Année de Sortie : 2003

Origine : Royaume-Uni / États-Unis

Genre : Amour Cyberpunk

Durée : 1h32

Thibaud Savignol : 4/10


La fin des Ch’tis


Le passage du temps peut parfois se révéler cruel. À sa sortie, Code 46 fut encensé par la critique. Plusieurs récompenses (meilleur scénario et Grand Prix au festival de Sitges) et une nomination au Lion d’or à la Mostra de Venise plus tard, le succès public n’est pas au rendez-vous. Cherchant à anticiper un avenir sombre, dans le sillage d’un Gattaca sorti six ans plus tôt, les dérives génétiques auront pris le pouvoir sur nos sociétés modernes, qui a honnêtement déjà entendu parler de Code 46 ?

Big Brother

Dans un futur proche indéterminé, William Geld est envoyé dans une fabrique de passeports pour enquêter sur un trafic de faux. Doué d’une intuition hors du commun, il passe au crible l’ensemble des employés. Contre toute attente, il s’éprend de sa principale suspecte et ment à son employeur. Débute alors une passion torride entre les deux individus, qui pourrait bien s’avérer coûteuse.

Principale particularité ici, le code 46 : une loi qui interdit de procréer, si ne serait-ce qu’1% de génétique démontre le lien de parenté qui unit deux personnes, à n’importe quel degré. L’infraction de cette loi entraîne de graves conséquences, érigeant cet interdit en nouveau dogme sociétal. L’évolution de la population mondiale est ainsi encadrée à travers le contrôle des naissances, tout autant que via les passeports attribués aux individus pour des activités spécifiques, selon leur niveau de risque estimé.

Si l’on citait le bijou noir d’Andrew Niccol, il n’est pas la seule référence à mettre au crédit du film de Michael Winterbottom. Impossible de ne pas penser au Meilleur des Mondes d’Aldous Huxley, avec sa société eugéniste, où chaque individu est orienté vers l’une des quatre castes organisationnelles dès sa conception dans un tube à essai. Une fois n’est pas coutume, la surveillance d’une population, et notamment l’entrave à une histoire d’amour, évoquent irrémédiablement 1984, le classique de George Orwell.

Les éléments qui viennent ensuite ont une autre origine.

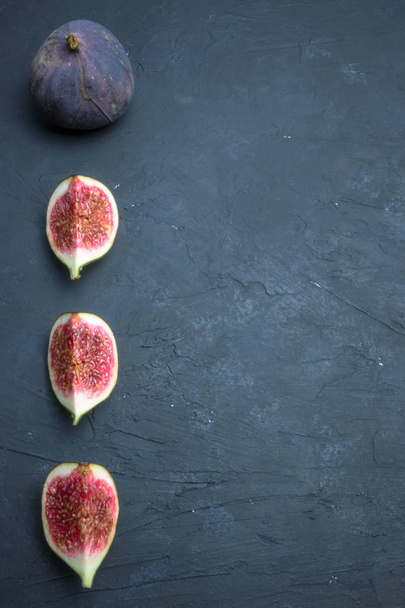 Fresh figs. Food photography. Creative scheme of whole and sliced figs on a dark background, inscribed in a rectangle. Copy space - Photo, image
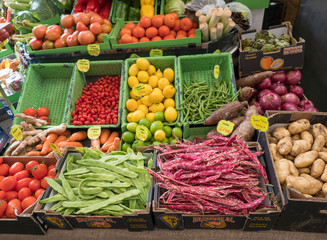Santa Cruz de la Palma, La Palma, Canary Islands, Spain, December 23, 2019: fruit and vegetable stand in market hall with colorful boxes full of tropical fruit © Kristyna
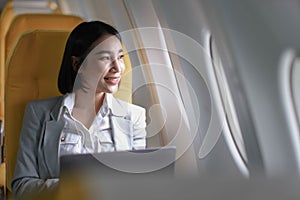 Joyful asian woman sits in the airplane and using laptop while go to travel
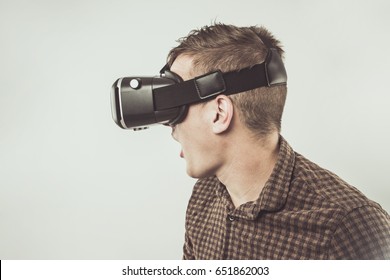 Handsome Young Man Using Virtual Reality Headset. Using Smartphone With VR Glasses. The Immersion in the Virtual World!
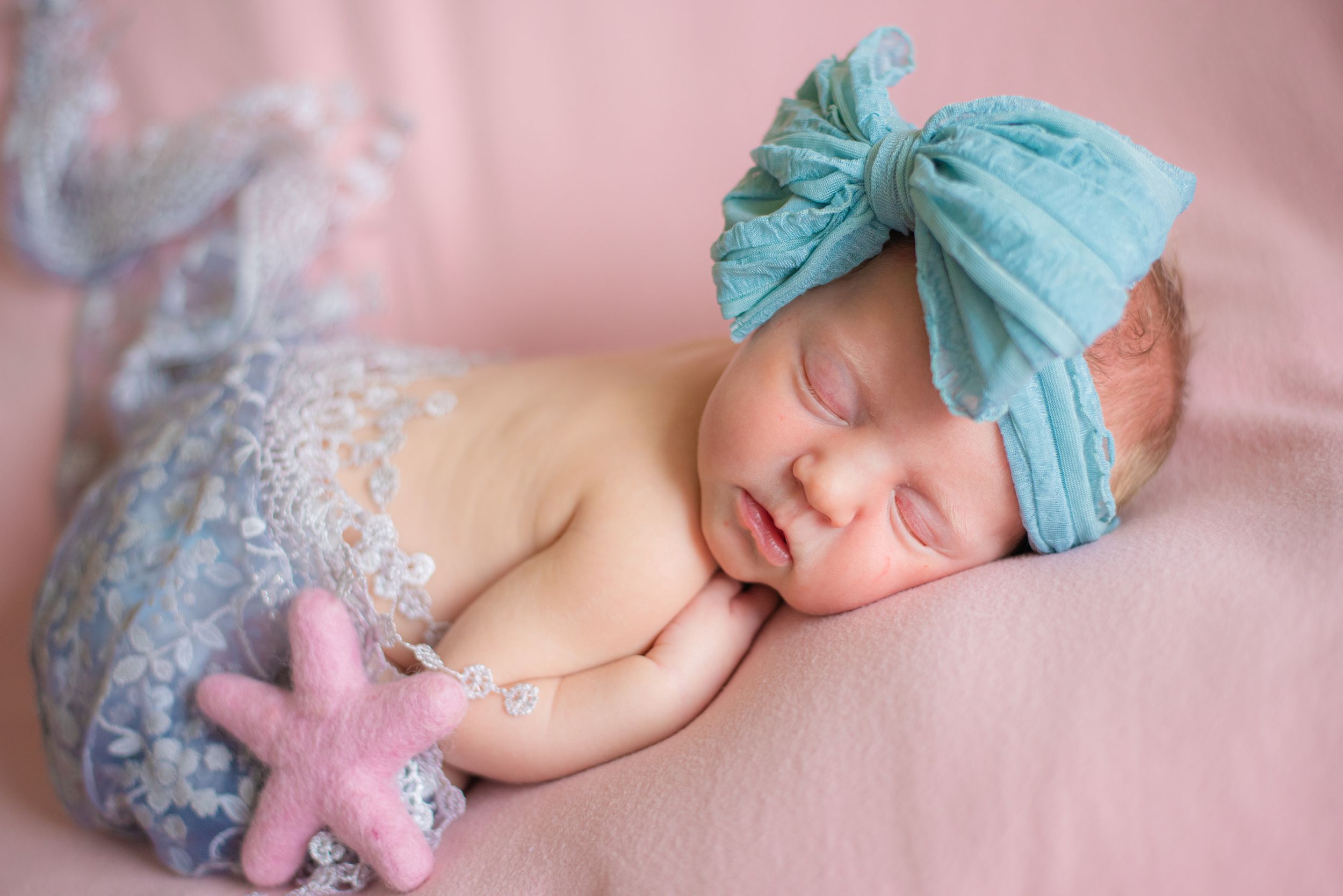 Sleeping newborn with turquoise bow headband and pink star plush on pink background.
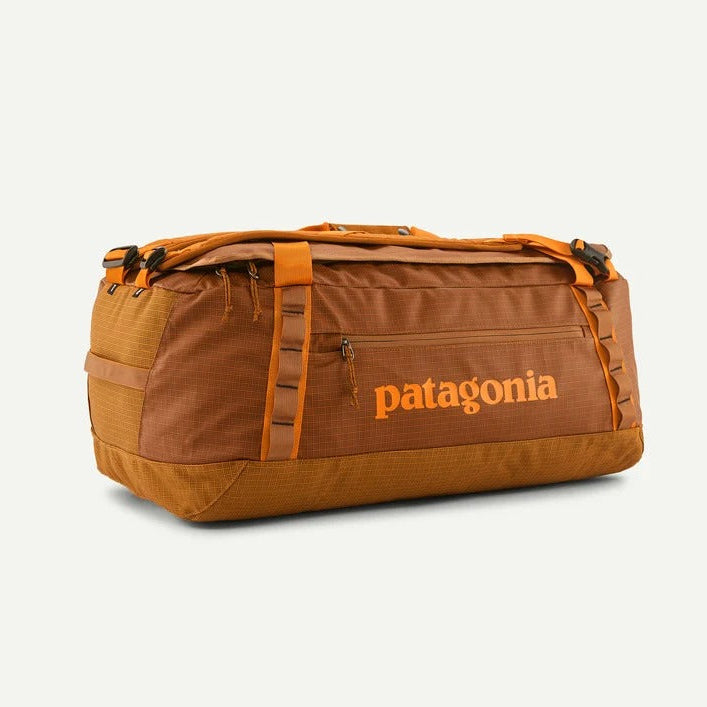 A brown and orange Patagonia duffel bag with the brand name printed in orange on the front, set against a light off-white background.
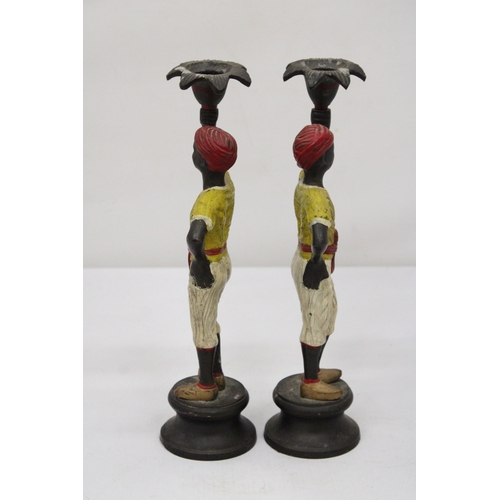 12 - A PAIR OF COLD PAINTED BLACKAMOOR CANDLESTICKS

Code 46 Critique Film Cyberpunk Tim Robbins

Cœur de pierre

Un tel sujet nécessite dans l’idéal un budget confortable afin d’illustrer les visions futuristes du script. Avec seulement 7,5 millions de dollars, relativement peu pour de la Science-fiction, le réalisateur n’a d’autres choix que de recourir à une certaine ingéniosité. Et c’est sûrement là l’aspect le plus réussi du long-métrage. En filmant une Shanghai accolée à un désert où se pressent les nécessiteux, Code 46 réussit l’illusion, certes classique, d’un futur fracturé. La privatisation galopante et l’arbitraire d’une nouvelle politique ne divisent que davantage les populations.

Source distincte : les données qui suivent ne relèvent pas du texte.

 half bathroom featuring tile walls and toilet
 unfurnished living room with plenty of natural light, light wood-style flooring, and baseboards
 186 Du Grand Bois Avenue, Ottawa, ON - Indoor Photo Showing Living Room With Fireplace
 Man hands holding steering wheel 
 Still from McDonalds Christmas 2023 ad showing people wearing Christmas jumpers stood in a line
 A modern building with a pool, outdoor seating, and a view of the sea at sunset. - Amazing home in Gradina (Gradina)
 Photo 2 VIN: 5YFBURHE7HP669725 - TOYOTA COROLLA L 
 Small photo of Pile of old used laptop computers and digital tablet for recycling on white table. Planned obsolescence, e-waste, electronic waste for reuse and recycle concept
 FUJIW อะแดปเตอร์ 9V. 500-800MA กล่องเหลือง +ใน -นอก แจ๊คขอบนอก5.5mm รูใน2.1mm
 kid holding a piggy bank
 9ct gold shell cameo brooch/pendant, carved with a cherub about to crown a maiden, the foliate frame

Quasiment sans effet spéciaux, les décors nous immergent au cœur de cette dystopie, entre bureaux high tech (les écrans flottent dans le vide), ville asiatique typique grouillante et baignée de néons, ou encore ces grands bâtiments aseptisés, froids et vides. Contraste alors la chaleur du désert, le vent de liberté qui se faufile dans les rues, lorsque les protagonistes viendront à parcourir une ville du Moyen-Orient au cours d’une fuite en avant suicidaire.

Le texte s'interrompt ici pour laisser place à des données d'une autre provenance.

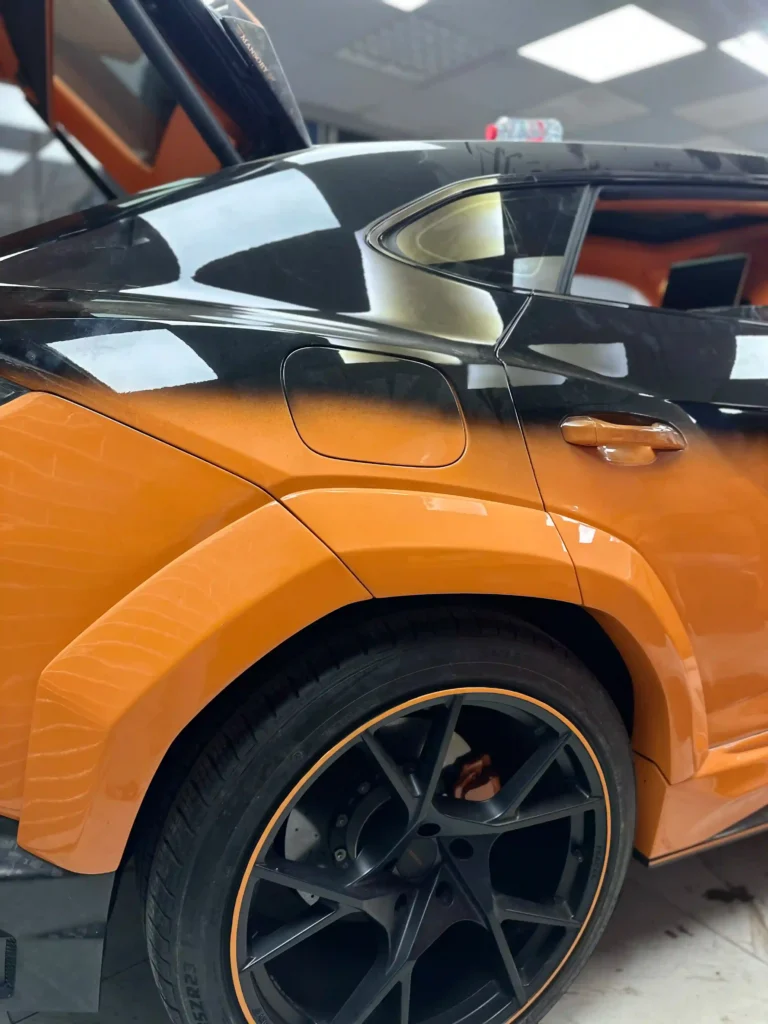 Orange and Black Lamborghini Urus Steering Repair in Dubai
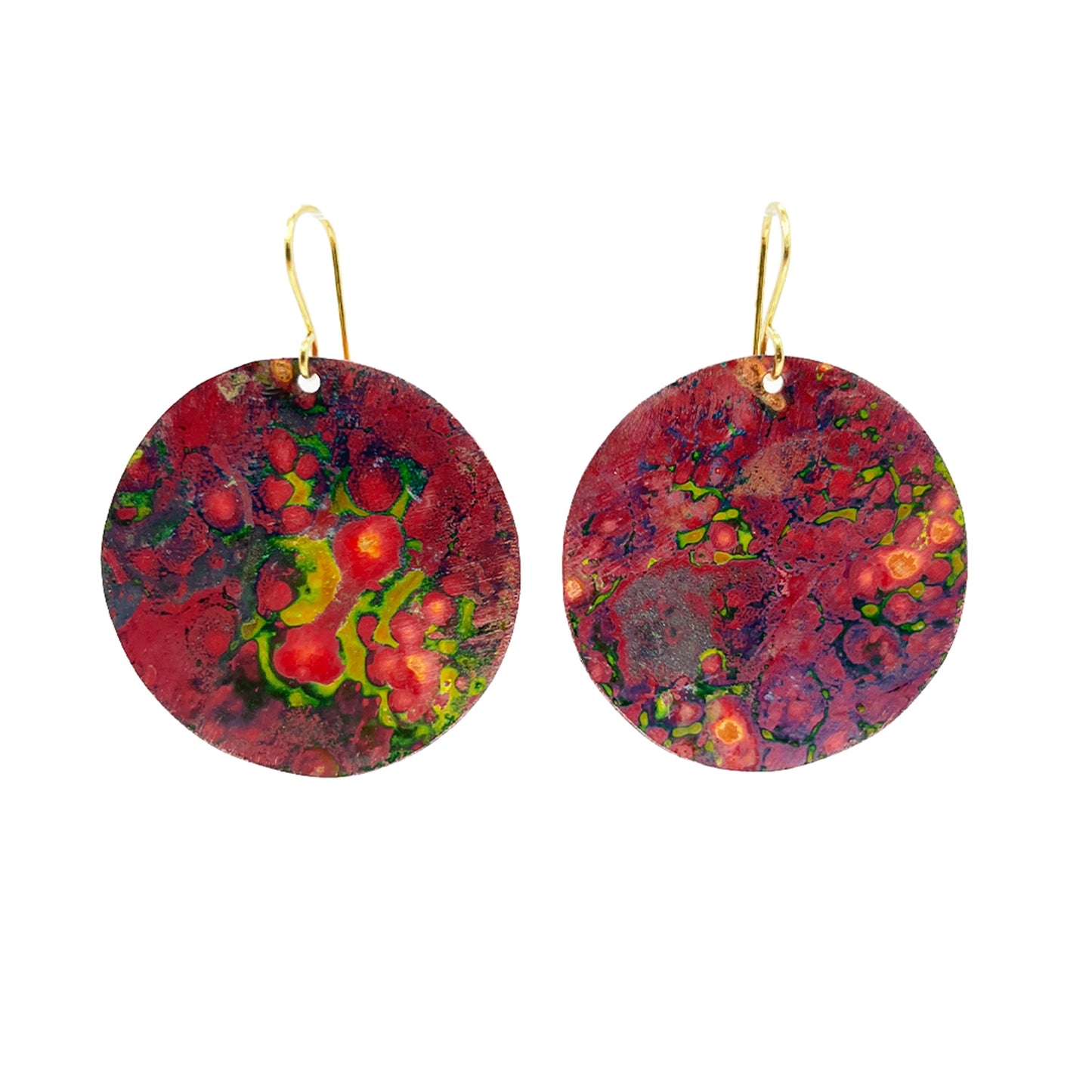 Pair of Sibilia Nature Earrings in Canyon, featuring large round treated brass disc drops with a vivid red, green, and orange multi-color oxide patina finish, hanging from gold wire hooks, on a white background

Dans le même ordre d’idée, le scénario de Frank Cottrell Boyce propose un langage proche de l’Espéranto, où l’anglais se mélange au français et à l’espagnol, signe d’un monde toujours plus globalisé. Rien n’est jamais vraiment explicité, toute la compréhension de cet univers transparaît au travers du comportement de ses protagonistes, de leurs doutes et de leurs pérégrinations. Une intention louable, mais qui pêche par excès de confiance en son script, par moments plus frustrant et confus que réellement stimulant. Une création futuriste qui révèle chichement ses secrets, qu’on aurait sans doute aimé être approfondis davantage.

Derrière cette ambiance propre au long-métrage, le récit ne suit pas, répétitif, ne parvenant jamais à enflammer le sort des personnages. Si leur jeu froid et distant est sans doute une conséquence d’un microcosme sécuritaire, il est ainsi compliqué de partager leurs émotions. Le rythme en dent de scie n’arrange rien, quand les scènes au lit ne viennent pas parasiter un script qui au final n’a pas grand chose à raconter. La proposition sèche et radicale joue de ses limites budgétaires, à raison, mais il manque un cœur à cette aridité narrative et visuelle pour se dépêtrer d’un énième film cyberpunk alarmiste.